Virtually everyone has read or heard a Horatio Alger story from that 19th century spinner of tales.

The stories are invariably heart-warming tales of triumph starring a young boy who travels the road of rags-to-riches by advancing from poverty to wealth and acclaim.

Alger penned more than 130 books before his death in 1899, selling some 40 million copies. Several of his boy wonders appeared in series, including “Ragged Dick,” “Luck and Pluck,” and “Tattered Tom.”
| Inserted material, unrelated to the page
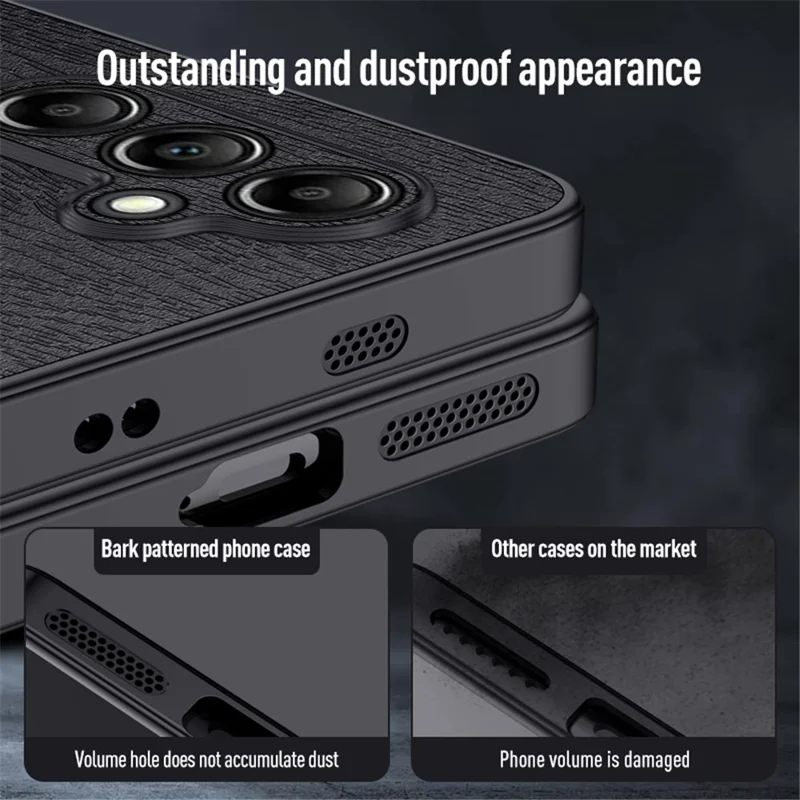 For Samsung Galaxy A15 5G Cellphone Case Wood Grain PC+TPU+PU Back Protector Cover - Green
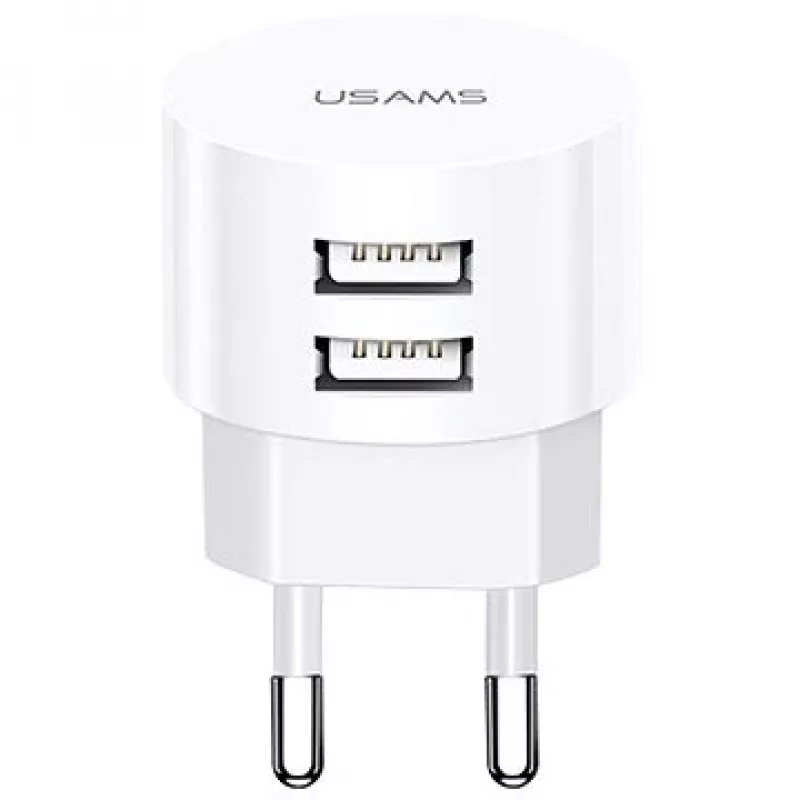 USAMS US-CC080 T20 caricabatterie da viaggio rotondo, 2x USB, 5 V 2,1 A, 10 W, bianco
Hollywood has picked up on some of the finer yarns spun by Alger, splashing them across the silver screen to the delight of audiences yearning for something worthwhile to see.
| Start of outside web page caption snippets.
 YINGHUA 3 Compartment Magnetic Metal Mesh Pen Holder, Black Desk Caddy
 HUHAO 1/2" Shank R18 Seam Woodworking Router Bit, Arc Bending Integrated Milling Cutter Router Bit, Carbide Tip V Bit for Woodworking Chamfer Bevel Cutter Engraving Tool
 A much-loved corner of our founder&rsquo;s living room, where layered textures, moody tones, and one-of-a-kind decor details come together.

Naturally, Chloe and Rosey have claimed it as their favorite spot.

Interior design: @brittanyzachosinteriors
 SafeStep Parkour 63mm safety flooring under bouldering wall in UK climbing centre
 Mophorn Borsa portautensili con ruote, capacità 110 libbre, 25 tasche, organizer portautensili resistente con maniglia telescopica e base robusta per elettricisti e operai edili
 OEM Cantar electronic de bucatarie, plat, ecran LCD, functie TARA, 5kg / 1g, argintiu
Perhaps the pandemic, which has the potential to cast many from riches to rags, will spawn a slew of modern-day tales of those who have succeeded a second time in Horatio Alger fashion.

Some 18 years ago, the final chapter in a 21st century Alger story was written when hamburger-pitchman Dave Thomas passed by the scene. His rise to fame at the helm of fast-food Wendy’s has been well documented, of course, and he was generous in his support of adoption causes that were close to his heart. Of those in need of adoption, Thomas was fond of saying, “These children are not someone else's responsibility. They are our responsibility.”

Alger, a Massachusetts native, was a forerunner of Thomas when it came to good causes, spending much of his time and money in his twilight years on helping establish a home for orphans and runaway boys in New York City. Biographers believed that Alger used his experiences with the disadvantaged youngsters as material for many of his novels.

Several months before the death of the eminently likeable Thomas there was another Alger-type story that rated far less media attention. It revolved around a woman who left a legacy students at Western Kentucky University will enjoy for years..

Her name was Mary Hutto and, according to published reports, she was “so frugal she slept in the hallway of her boarding house so each room had a tenant.”

According to a 2001 article by the Associated Press, “She saved money because she never thought she’d have enough to live on.”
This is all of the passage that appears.